Nessas relações, já se vê a impossibilidade de somar o óleo das areias betuminosas às do petróleo convencional, como faz a BP para reservas mundiais.

São falácias que acompanham todas as energias pretensamente ou potencialmente renováveis quando comparadas ao petróleo. Não é por qualquer outra razão que o consumo de energia fóssil corresponde a 82% do consumo total de energia no planeta. E isso, com todas as inúmeras Organizações Não Governamentais (ONGs) fazendo campanhas bilionárias contra o uso do petróleo.

O consumo de energia per capita é o verdadeiro indicador da riqueza e do bem-estar dos países. Usar o Produto Interno Bruto (PIB), seja pelo valor produzido ou pelo poder de compra, falseia a riqueza mal distribuída. E o Índice de Desenvolvimento Humano (IDH) também considera o PIB, a taxa de alfabetizados e matrículas escolares, que estarão muito influenciadas pela distribuição etária da população.

Vejam-se os consumos de energia per capita em países expressivos pela sua posição no poder mundial ou pela sua capacidade de atuar fora de suas fronteiras. Dados de 2021 obtidos da BP Statistical Review of World Energy e da US Energy Information Administration (EIA).

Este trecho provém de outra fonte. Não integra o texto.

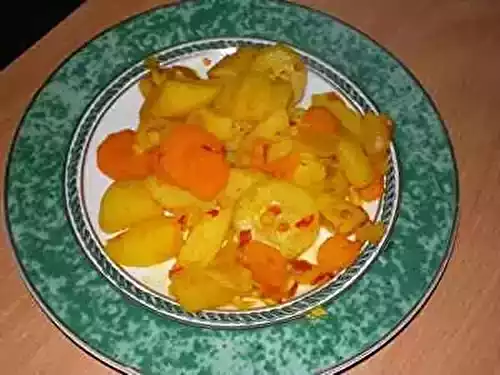 Ragoût végétarien franco-indien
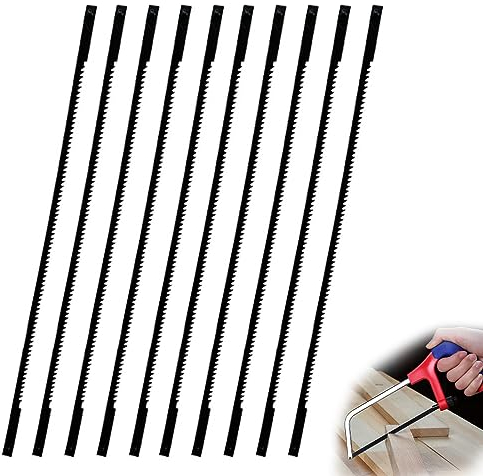 10 Pezzi, Lame Seghetto Oscillante 132mm 18T in Acciaio al Carbonio per Legno, Metallo, Bambù, Plastica | Compatibile con Elettroutensili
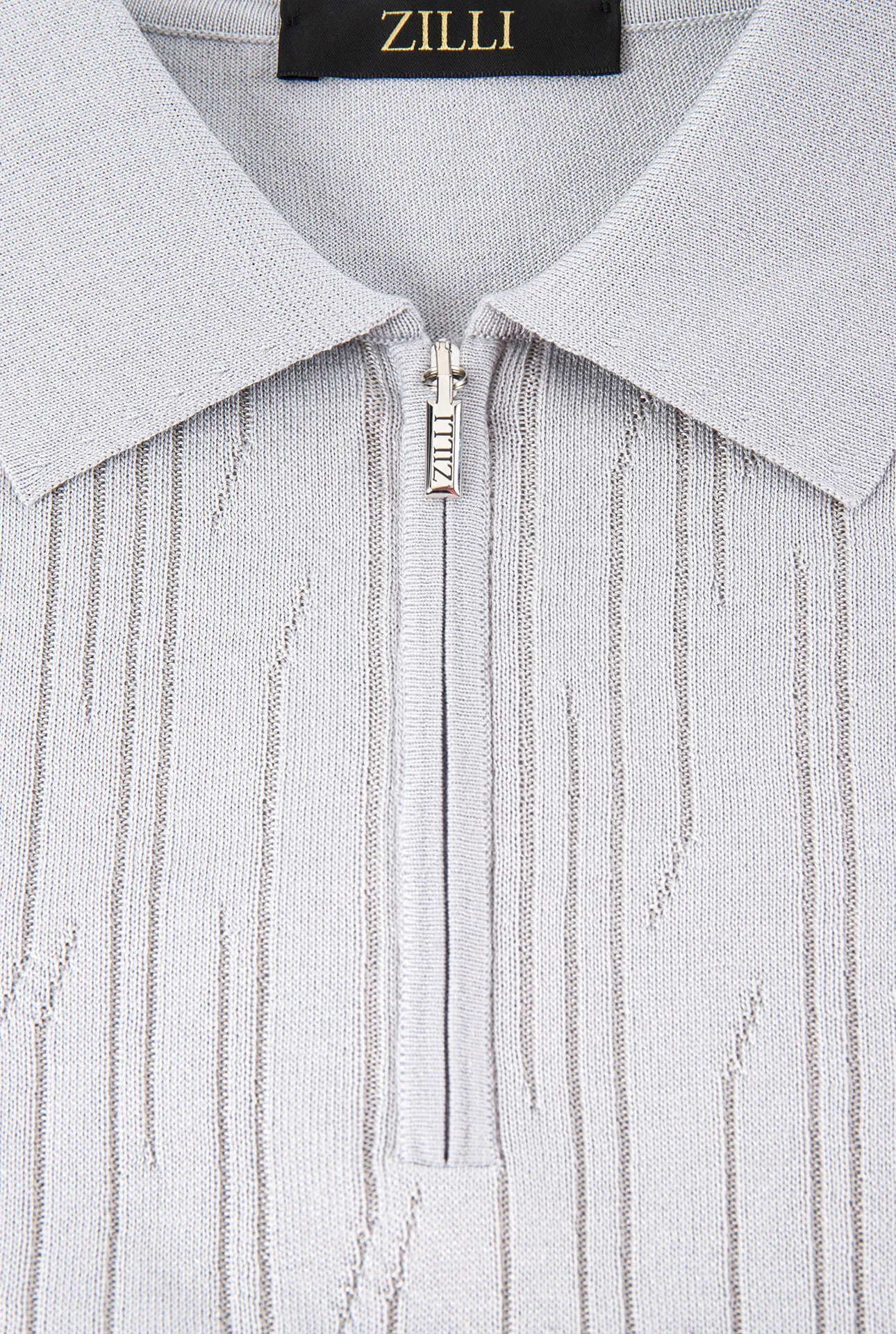 Zipped Polo Shirt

Cingapura, na Ásia, tem um dos maiores consumos de energia per capita do planeta: 161.103 kWh. Também no Oriente estão os Emirados Árabes Unidos – 134.317 kWh e o Kuwait – 113.650, entre os grandes.

Seguem-se, sempre em kWh: Noruega (105.148), Canadá (101.459), Arábia Saudita (83.635), EUA (78.634), Coreia do Sul (67.397), Luxemburgo (65.830), Bélgica (65.217), Austrália (61.297) e Suécia (60.610). A Federação Russa comparece com 59.914 kWh, e a Europa, como um todo, com 40.177 kWh. Abaixo temos o Japão (39.545), Suíça (34.322), Israel (32.816), Itália (29.800), Reino Unido (29.641) e o Chile (23.710), o primeiro sul-americano a comparecer neste rol privilegiado.

O mundo tem o consumo de 20.902 kWh per capita. Apenas a Argentina (21.057) o supera, entre os sul-americanos (além do Chile), e a Venezuela (20.011) à Ásia (18.819). O Brasil, com 16.286 kWh, só supera a América do Sul (15.836) e a África (3.985).

E não querem que aumentemos a produção do petróleo nacional, impedindo a pesquisa em áreas ainda virgens de investigação exploratória.

Que bilionárias ONGs, como Greenpeace, WWF, a pioneira UICN (1948), não queiram o desenvolvimento brasileiro, mantendo-nos como toda África, como reserva de recursos exauríveis para o futuro europeu e do Atlântico Norte, até se compreende, embora se deva combater. Mas que brasileiros, principalmente ocupando cargos nos poderes Executivo, Legislativo e Judiciário, também o façam, é inadmissível.

*Pedro Augusto Pinho, administrador aposentado, atual presidente da Associação dos Engenheiros da Petrobrás (Aepet).